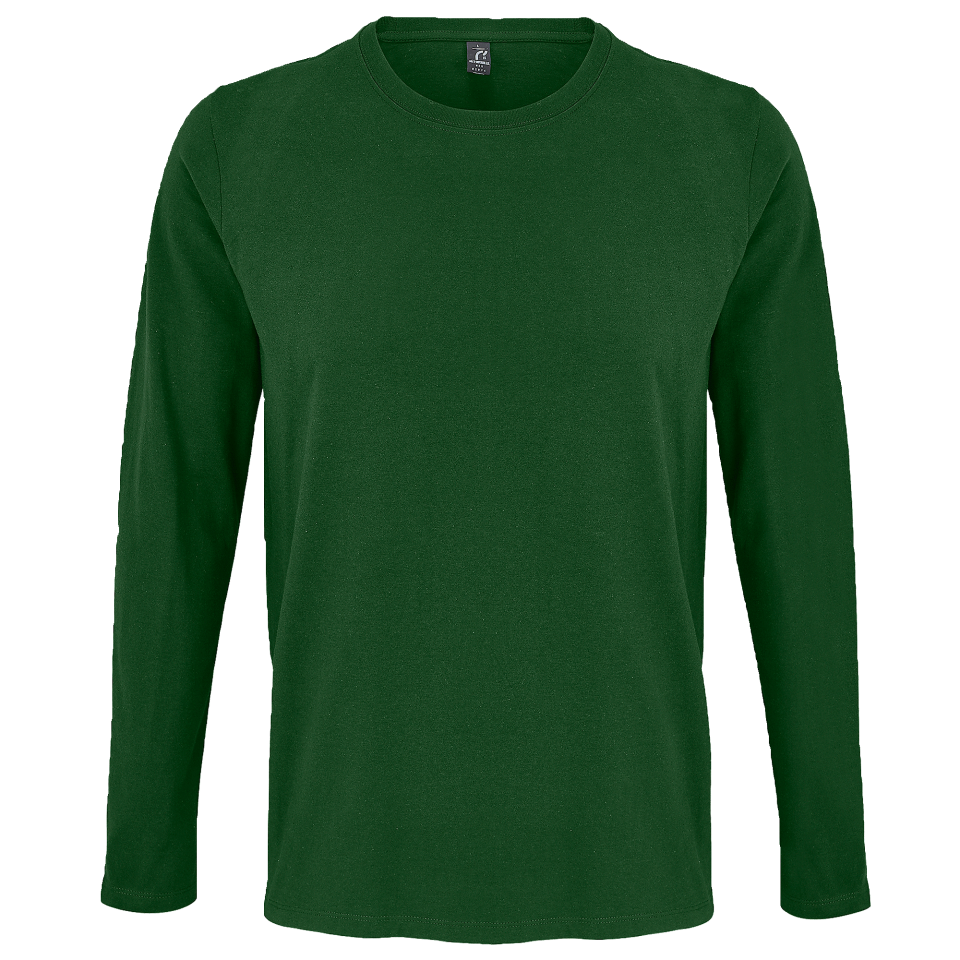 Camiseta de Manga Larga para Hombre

*****

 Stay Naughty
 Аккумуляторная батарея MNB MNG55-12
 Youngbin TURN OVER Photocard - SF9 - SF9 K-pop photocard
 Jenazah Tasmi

*****

In the listing above, locate the line with "Stay Naughty" and the line with "Jenazah Tasmi", then extract exactly those lines and every line between them, and nothing more.

■ Finished exercise
 Stay Naughty
 Аккумуляторная батарея MNB MNG55-12
 Youngbin TURN OVER Photocard - SF9 - SF9 K-pop photocard
 Jenazah Tasmi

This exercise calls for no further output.